Um Natal de Terror

De repente o trânsito para. Todas as pistas ficam congestionadas, o tráfego não pode fluir. Não há escapatória. Não há como se locomover. Você começa a imaginar o que é que aconteceu. Será que foi um acidente de grandes proporções? Um semáforo quebrado? Alguma passeata? O tão esperado apocalipse zumbi que fará com que em breve você tenha que descer do carro para correr no sentido oposto?

Na verdade, é uma mera entrada de Shopping Center. Naquele momento, todos os carros que estão a sua frente (e todos que estão atrás), têm um único desejo: entrar no shopping para fazer compras. Para isso, eles atravessarão faixas, trancarão o trânsito, cometerão assassinatos e deixarão de lado toda a bondade, a esperança e esses negócios que se renovam em nossa alma nessa época do ano.

Você começa a pensar no que fazer. E de fato, não há nada para fazer além de esperar. Até porque, você também pretende ir ao shopping. Talvez, a única coisa que reste fazer é esperar eternamente. Escutar todo o seu pen drive de 16 gigas e esperar pela morte. Escrever o seu testamento e torcer para que seu corpo seja encontrado naquele monte de carros.

Mas, acalme-se. Você conseguirá entrar no shopping alguma hora, muitas horas depois. Só que isso não significa o fim do drama. Você terá que encontrar uma vaga dentro daquele estacionamento. Um estacionamento gigantesco, mas que incrivelmente não tem vagas. Quando você vê um espaço vazio, pode ter certeza que é uma vaga de idoso. Outro espaço vago, mas não dá pra parar, porque o infeliz do motorista da picape do lado parou o carro torto e ocupou três vagas com um só carro.

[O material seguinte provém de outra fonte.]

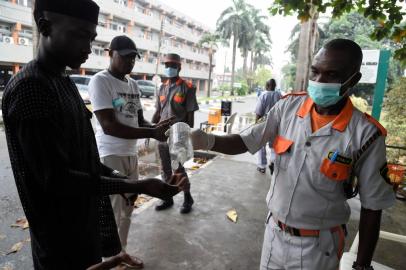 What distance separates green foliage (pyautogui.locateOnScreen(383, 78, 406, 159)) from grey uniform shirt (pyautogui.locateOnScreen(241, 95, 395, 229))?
6.40 meters

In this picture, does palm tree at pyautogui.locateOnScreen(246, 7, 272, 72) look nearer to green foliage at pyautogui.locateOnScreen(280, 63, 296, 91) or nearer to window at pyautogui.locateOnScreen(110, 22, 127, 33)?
green foliage at pyautogui.locateOnScreen(280, 63, 296, 91)

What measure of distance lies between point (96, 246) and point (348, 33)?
109ft

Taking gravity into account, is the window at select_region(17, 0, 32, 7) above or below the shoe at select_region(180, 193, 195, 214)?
above

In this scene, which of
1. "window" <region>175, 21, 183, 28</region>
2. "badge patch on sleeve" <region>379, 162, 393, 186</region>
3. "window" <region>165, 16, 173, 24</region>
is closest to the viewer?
"badge patch on sleeve" <region>379, 162, 393, 186</region>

Conheço relato de pessoas que perderam seus familiares assim. Mulheres que foram deixadas na porta do shopping por seus maridos e viram eles irem em busca de uma vaga e nunca mais voltarem. Hoje, seus rostos estão estampados em botijões de gás. Mas, físicos entendem que estacionamentos de shopping são uma passagem secreta para um mundo paralelo. Um ponto fundamental para entender a origem do universo.

Depois que você tiver conseguido parar seu carro (se isso for possível), você terá que caminhar longos quilômetros até chegar a porta de entrada do grande estabelecimento comercial. Ao seu lado, você verá pessoas com shorts curtos e tênis correndo maratonas. E, se você tiver azar, ainda poderá ser agarrado por um padre irlandês que queira tirar você da liderança.

Assim que você conseguir entrar no shopping terá que enfrentar um mar de pessoas. Crianças correndo em buscas de seus pais. Adultos, que se perderam dos seus pais no Natal de 1976 e até hoje não os encontraram e vagam pelos corredores com roupas apertadas. Pessoas tirando fotos de seus filhos chorando no colo do Papai Noel, prêmios que serão distribuídos e ocupam os corredores.

E claro, os presentes. Você vagará pelos corredores até encontrar o que queria comprar. Terá que se acotovelar, participar de alguns duelos, para conseguir o último exemplar daquele livro que você quer dar para seu avô. E enfrentar a fila.

Já presenciei alguns casos de partos que aconteceram na fila da Lojas Americanas. E os recém-nascidos saíram da loja direto para a matrícula no colégio. Gerações se revezaram na fila, a espera da oportunidade de passar aquela coleção de DVDs que estava em uma promoção imperdível que vai satisfazer em cheio os desejos e anseios do seu sorteado do amigo oculto.

Esse processo se repetirá em várias lojas. Quando você conseguir sair do shopping, às4h da manhã, estará com sua roupa rasgada, a barba por fazer e a sensação de que foi batido dentro de um Juicer Walita, logo após ser pisoteado por rinocerontes bêbados e sádicos.

O último desafio hercúleo ao qual você será submetido é o de encontrar o seu carro. Lembrar qual das 34 saídas do Shopping é a mais próxima do local em que você estacionou o seu carro. E se você o estacionou no setor A ou B ou C ou D ou E ou F ou G do setor amarelo ou vermelho ou azul ou verde do primeiro, do segundo ou do terceiro andar do bloco 1 ou do bloco 2.

Provavelmente, seu carro será o último que ainda estará lá estacionado. A tsunami humana de poucas horas antes será substituída por um vazio desértico de pessoas. Seu carro estará lá abandonado. E todos nós sabemos que um estacionamento deserto é uma cena para assassinatos. Com certeza, algum homicida, serial killer, ser sobrenatural estará te esperando. Pelo menos, no mínimo, seu carro explodirá e as imagens do circuito interno vão desaparecer.

E ai, finalmente, você chegará em casa, a tempo de tomar banho e voltar para o trabalho. E, é nesse momento que você lembrará que esqueceu de comprar aquele presente para o seu pai.